En el mundo existe desde hace siglos determinadas corrientes, sean de inspiración religiosa o filosófica, en busca de un establecer un derecho a la verdad y la primera pregunta inevitable con que se enfrentan es: ¿Qué es la verdad?. La misma pregunta que Poncio Pilato le hizo a Jesús de pie ante su presencia en momentos previos a su condena y posterior crucifixión. Y Jesús le respondió lo mismo que había predicado en su Evangelio: “Yo soy la Verdad y la Vida”, expresando con ello que la verdad es un absoluto. Es decir que se trata de un atributo que sólo puede ser determinada por Dios.
Para nosotros en cambio pueden existir una infinita cantidad de verdades de acuerdo a nuestros pensamientos, intereses y preocupaciones, de modo que lo que puede consistir una verdad para unos no lo es para otros: depende del cristal y el contexto con que se le mire, sumergidos en una incertidumbre constante, inmersos en preguntas tan acuciantes como: ¿Será que Dios existe?…¿Es realmente la Biblia un libro confiable?…¿Adónde vamos después de morir?.
No cabe duda que la falta de certezas en relación a estas preguntas básicas constituye una espina clavada en el corazón del hombre desde el momento de la Creación. Es justamente lo que nos obliga a reconocer hidalgamente que ningún hombre sobre la tierra puede afirmar con certeza que es dueño de la verdad absoluta, lo que nos conduce a la paradoja que ello refleja a su vez una verdad insoslayable.
Sólo una actitud de arrogancia y soberbia sin límites puede a conducir a un hombre a asignarse a sí mimo la autoridad para afirmar que es dueño de la verdad absoluta. Es el sentido común el que nos proporciona la luz necesaria para darnos cuenta que se trata de un imposible. De un extravío de la razón más elemental y que lo más deseable es inclinarnos por un diálogo que nos conduzca a encontrarnos en un punto de equilibrio, luego de que cada cual pueda exponer sus argumentos en forma empática y respetuosa.

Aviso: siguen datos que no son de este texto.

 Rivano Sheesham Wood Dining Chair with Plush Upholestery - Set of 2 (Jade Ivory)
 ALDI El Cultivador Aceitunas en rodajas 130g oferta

Es la única manera de que los hombres puedan acceder a acuerdos fecundos dejando atrás disputas inútiles que nos alejan unos de otros hasta terminar mirándonos muchas veces no solamente como oponentes o adversarios, sino definitivamente como enemigos a quienes es necesario destruir en busca de que prevalezca una determinad verdad.
Para ello, y aunque nos cause dolor, es necesario reconocer los errores cometidos y pedir perdón sobre todo cuando estamos conscientes que hemos causado daño irreparable a otros. Reconocer verdades que nos duelen constituye la mejor manera de expresar nuestro arrepentimiento y disposición a enmendar el rumbo.
Lamentablemente esto no sucede con frecuencia entre nosotros. Nos ponemos vendas en nuestros ojos y tapones en nuestros oídos, e insistimos una y otra vez en forma intransigente en pregonar nuestra propia “verdad”, que no es tal sino una manera individual de percibir la realidad que se contrapone inevitablemente con la de los muchos otros que no la aceptan, sembrando así la discordia a cada paso.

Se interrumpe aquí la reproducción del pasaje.